In recent years, house building has slowed to the lowest levels seen in peace time since the 1920s, The number of new homes built in England increased by 7 per cent from 106,720 in 2010 to 114,160 in 2011, according to figures from the Department for Communities and Local Government.

There are currently around 110,000 homes being built per year at a time when the Government estimates 230,000 are needed.s

Legal and General Mortgage Club managing director Ben Thompson says: “If we carry on as we are with no change, it will feel okay for a while, but years down the line the fallout from inaction will become clear, in the form of social and financial problems. Change is needed, boldness is paramount, we need this, and need it now.”

Industry experts may agree that change is required but few seem to think the solution could be as straightforward as increasing the amount of land available for development.

Design Council Commission for Architecture and the Built Environment director Wayne Hemingway says the UK suffers from a lack of institutional investment in terms of housing.

He says: “In Holland, 15 per cent of institutional investment goes into housing. It is just 1 per cent in this country.”

The Department for Communities and Local Government commissioned a report, entitled ‘Review of the barriers to institutional investment in private rented homes’ in August, hoping to encourage institutional investors to take a greater interest in the housing construction sector.”

While the Government has taken these initial steps towards addressing a lack of investment, it is still too early to say whether there has been any improvement on this front.

The Home Builders Federation highlights additional factors which are hindering the progress of house building in the UK.

HBF head of communications Steve Turner says: “The minister’s figures look accurate but there is no simple solution to house building. Mortgage availability is a factor but land is definitely another and we have been not been delivering on land through the planning system for a number of decades.

“The minister is right that we need to increase the amount of land available for development. There is a perception that more of the country is currently developed than actually is, meaning that it is only small additional percentages which are required going forwards.”

Figures from MoneySupermarket show the availability of mortgage products has started to improve since the Government’s Funding for Lending scheme was introduced in August.

The total number of mortgages available in May was 2,365. The figure had risen to 2,373 by the time the FLS was introduced. There are currently 2,781 mortgages now available, representing a 17 per cent increase since August.

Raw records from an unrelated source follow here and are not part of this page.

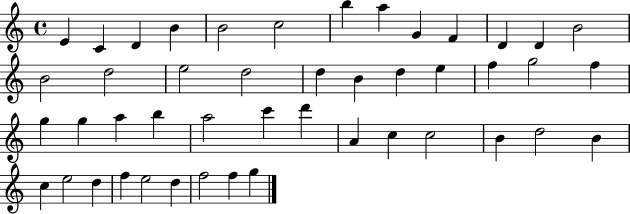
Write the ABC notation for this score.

X:1
T:Untitled
M:4/4
L:1/4
K:C
E C D B B2 c2 b a G F D D B2 B2 d2 e2 d2 d B d e f g2 f g g a b a2 c' d' A c c2 B d2 B c e2 d f e2 d f2 f g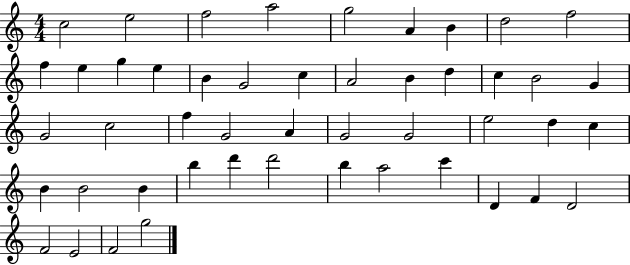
C5/h E5/h F5/h A5/h G5/h A4/q B4/q D5/h F5/h F5/q E5/q G5/q E5/q B4/q G4/h C5/q A4/h B4/q D5/q C5/q B4/h G4/q G4/h C5/h F5/q G4/h A4/q G4/h G4/h E5/h D5/q C5/q B4/q B4/h B4/q B5/q D6/q D6/h B5/q A5/h C6/q D4/q F4/q D4/h F4/h E4/h F4/h G5/h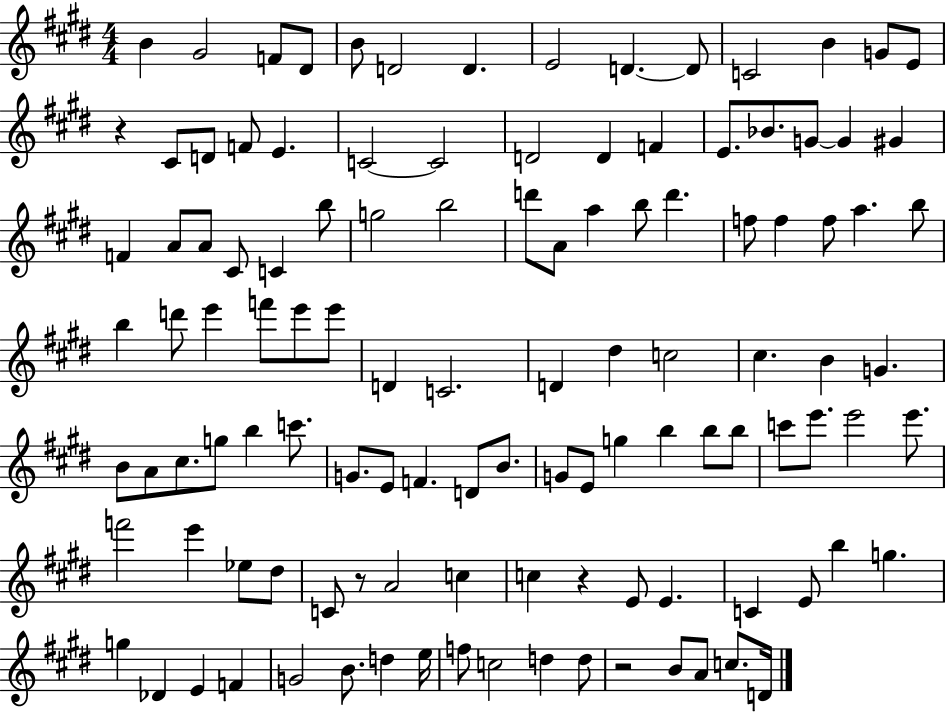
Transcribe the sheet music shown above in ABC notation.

X:1
T:Untitled
M:4/4
L:1/4
K:E
B ^G2 F/2 ^D/2 B/2 D2 D E2 D D/2 C2 B G/2 E/2 z ^C/2 D/2 F/2 E C2 C2 D2 D F E/2 _B/2 G/2 G ^G F A/2 A/2 ^C/2 C b/2 g2 b2 d'/2 A/2 a b/2 d' f/2 f f/2 a b/2 b d'/2 e' f'/2 e'/2 e'/2 D C2 D ^d c2 ^c B G B/2 A/2 ^c/2 g/2 b c'/2 G/2 E/2 F D/2 B/2 G/2 E/2 g b b/2 b/2 c'/2 e'/2 e'2 e'/2 f'2 e' _e/2 ^d/2 C/2 z/2 A2 c c z E/2 E C E/2 b g g _D E F G2 B/2 d e/4 f/2 c2 d d/2 z2 B/2 A/2 c/2 D/4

But the HBF continues to campaign for relaxed planning application criteria, citing this as a significant barrier to increasing the number of homes being built in the UK.

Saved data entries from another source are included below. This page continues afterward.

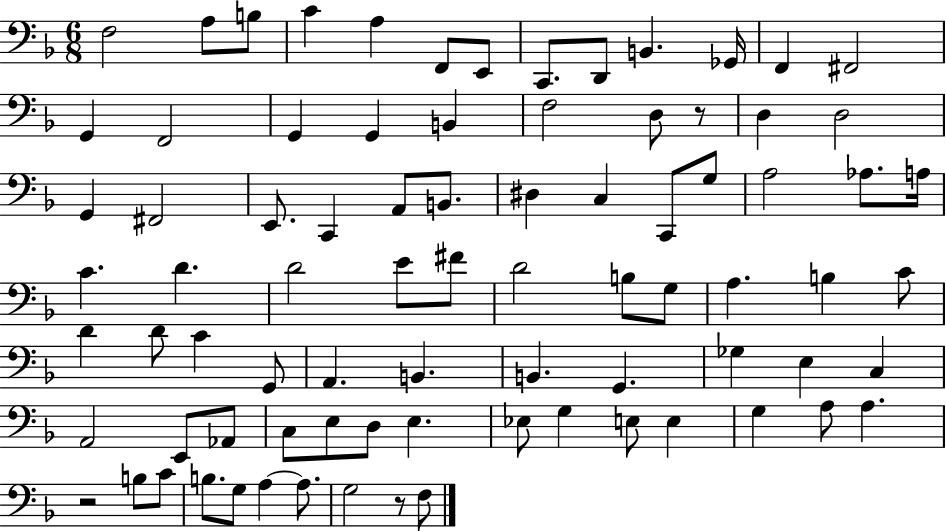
X:1
T:Untitled
M:6/8
L:1/4
K:F
F,2 A,/2 B,/2 C A, F,,/2 E,,/2 C,,/2 D,,/2 B,, _G,,/4 F,, ^F,,2 G,, F,,2 G,, G,, B,, F,2 D,/2 z/2 D, D,2 G,, ^F,,2 E,,/2 C,, A,,/2 B,,/2 ^D, C, C,,/2 G,/2 A,2 _A,/2 A,/4 C D D2 E/2 ^F/2 D2 B,/2 G,/2 A, B, C/2 D D/2 C G,,/2 A,, B,, B,, G,, _G, E, C, A,,2 E,,/2 _A,,/2 C,/2 E,/2 D,/2 E, _E,/2 G, E,/2 E, G, A,/2 A, z2 B,/2 C/2 B,/2 G,/2 A, A,/2 G,2 z/2 F,/2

The HBF recently made a submission to the Chancellor’s Autumn Statement in which it calls for a review of the planning application process in full.

“There is widespread industry concern about the number of planning conditions, and in particular the unrealistic and often unnecessary number of ‘pre commencement’ conditions which hold up site starts,” according to the submission.

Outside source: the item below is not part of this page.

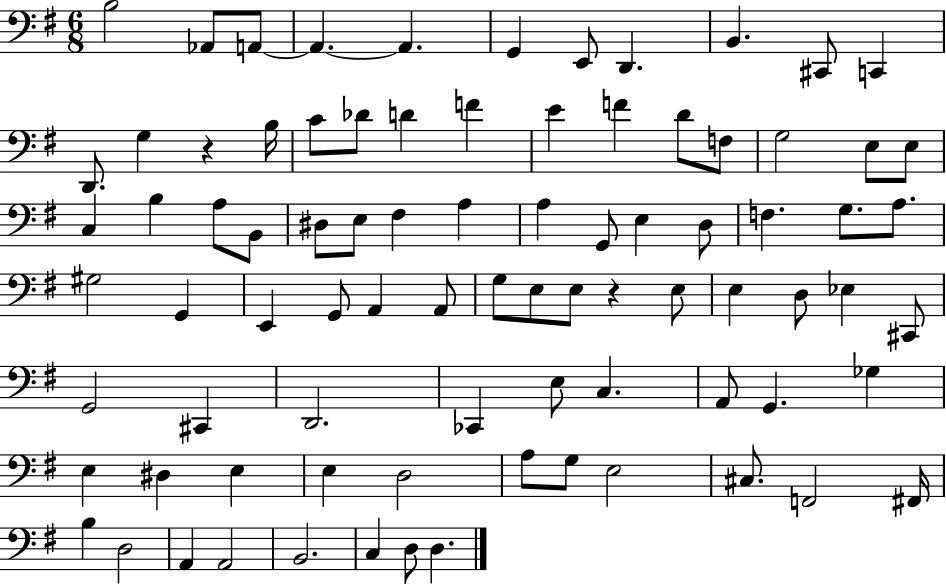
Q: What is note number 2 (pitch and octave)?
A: Ab2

Building Societies Association head of mortgage policy Paul Broadhead agrees that the UK has comparatively tough planning restrictions but questions whether developers are fully utilising their own existing land banks.

He says: “The house building authorities say they need looser planning restrictions but if I was the Government, I would ask home builders to develop their land banks first.”

The planning minister also warns a public desire to build “beautiful” homes is holding back contruction. He says: “In a nutshell, because we don’t build beautifully, people don’t let us build much. And because we don’t build much, we can’t afford to build beautifully.”

A policy which turns over open land to development is unlikely to be a popular one especially amoung local residents and regardless of the aesthetic outcome. What is clear is there are a number of underlying issues which require careful attention and will not be solved by one sweeping Government policy.